SGDRegressor(learning_rate='optimal', loss='huber', penalty='elasticnet', random_state=52)
y_pred_v2 = sgd_v2.predict(X_test_scaled) # Predict labels
# The mean squared error
print(f"Mean squared error: {round( mean_squared_error(y_test, y_pred_v2),3)}")
# Explained variance score: 1 is perfect prediction
print(f"R2 score: {round(r2_score(y_test, y_pred_v2),3)}")
# Mean Absolute Error
print(f"Mean absolute error: { round(mean_absolute_error(y_test, y_pred_v2),3)}")
Mean squared error: 254.325 R2 score: 0.507 Mean absolute error: 12.049
With the scaled data, the model performs slightly better, decresing the Mean Squared Error and Mean Absolute Error and increasing the R2 score by 0.001.
To see how our model performs, the best way is to visualize it. Here is the plot from our first model, using line plots with the actual test data on the back and the predicted data on the front. The parts where the plots converge are the points where the model performed well, and the divergence in the plots is where the model performed poorly.
plt.figure(figsize=(15, 15))
x_ax = range(len(y_test))
plt.plot(x_ax, y_test, linewidth=1, label="original")
plt.plot(x_ax, y_pred_v1, linewidth=1.1, label="predicted")

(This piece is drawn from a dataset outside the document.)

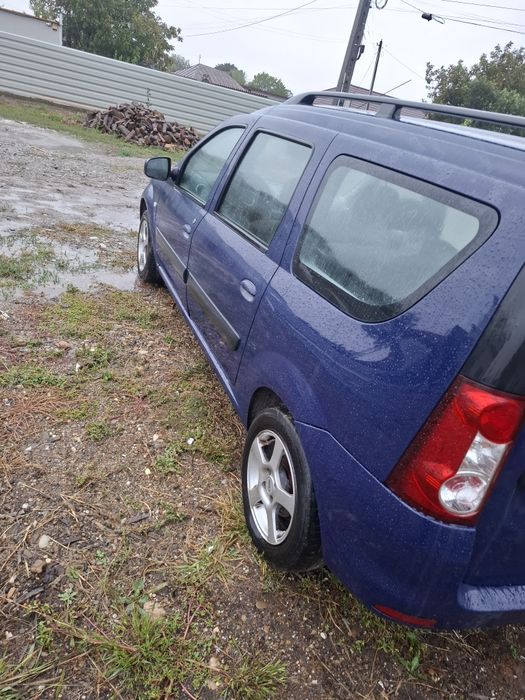 Dacia Logan MCV 1.6 16 v 2010
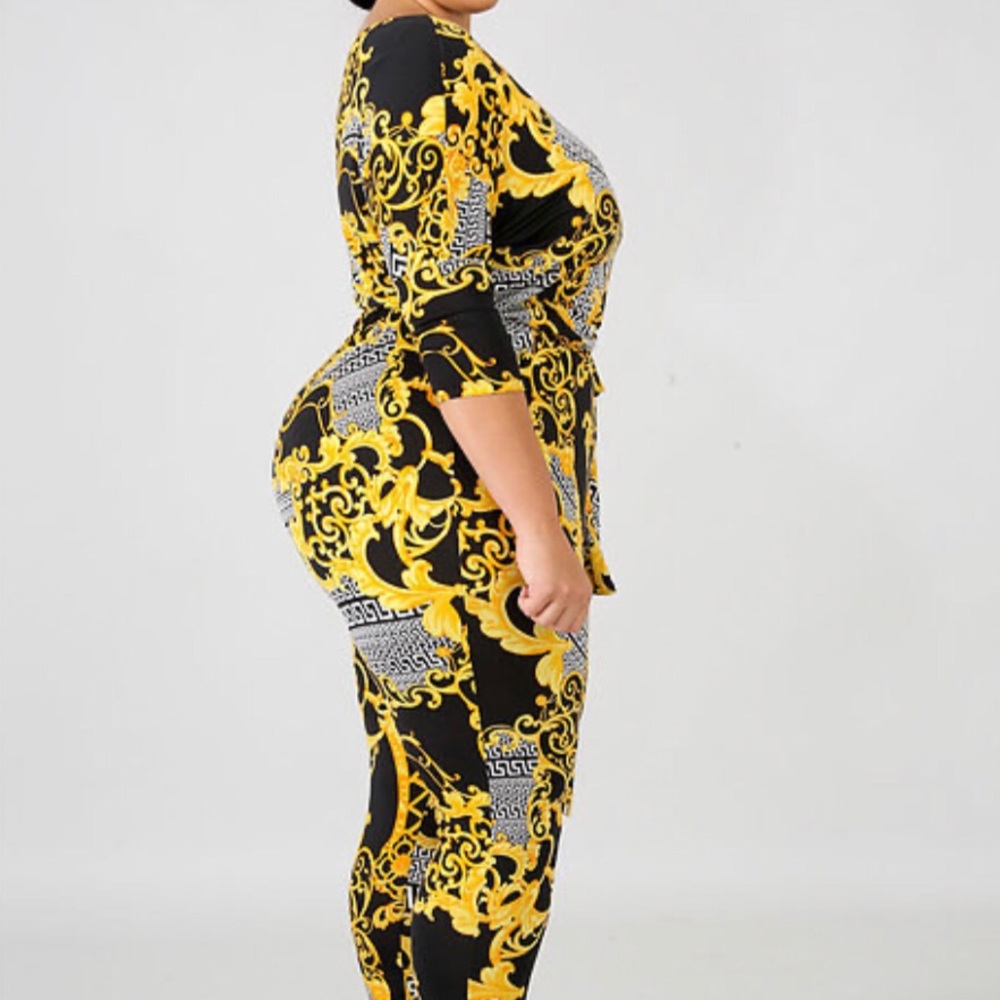 Clothing - Picture 5 of 6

plt.title("y-test and y-predicted data Model 1")
plt.xlabel('X-axis')
plt.ylabel('Y-axis')
plt.legend(loc='best',fancybox=True, shadow=True)
plt.grid(True)
plt.show()
# Model v2
plt.figure(figsize=(15, 15))
x_ax = range(len(y_test))
plt.plot(x_ax, y_test, linewidth=1, label="original")

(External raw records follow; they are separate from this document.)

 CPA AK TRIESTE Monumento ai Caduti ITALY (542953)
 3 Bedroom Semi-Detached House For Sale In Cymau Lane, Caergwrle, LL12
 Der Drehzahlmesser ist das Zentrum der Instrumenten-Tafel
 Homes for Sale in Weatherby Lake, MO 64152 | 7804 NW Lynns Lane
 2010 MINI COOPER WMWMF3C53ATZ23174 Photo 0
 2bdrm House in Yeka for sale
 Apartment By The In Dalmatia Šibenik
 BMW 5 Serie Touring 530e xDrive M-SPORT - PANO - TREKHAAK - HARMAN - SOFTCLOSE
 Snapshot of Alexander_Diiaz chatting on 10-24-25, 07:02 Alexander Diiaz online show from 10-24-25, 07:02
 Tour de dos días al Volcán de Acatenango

plt.plot(x_ax, y_pred_v2, linewidth=1.1, label="predicted")
plt.title("y-test and y-predicted data Model 2")
plt.xlabel('X-axis')
plt.ylabel('Y-axis')
plt.legend(loc='best',fancybox=True, shadow=True)
plt.grid(True)
plt.show()
We can clearly see there is a lot of room for improvement. However, a linear regression model using Stochastic Gradient Descent is a good place to start for building such a prediction model.
We can improve the model by making some changes. Regarding the data, I decided to remove the timestamp variable since I believed it to be redundant, nonetheless, maybe that redundancy might help the model get higher accuracy.
Also, I might changing and testing other hyperparameters might be interesting, especially changing the loss function from huber to squared_epsilon_insensitive and maybe exploring changing the learning rate and penalty.
In general, from the data and the model, for someone like me who likes to go to the gym often without having too many people there, any day at 5am seems like a safe bet.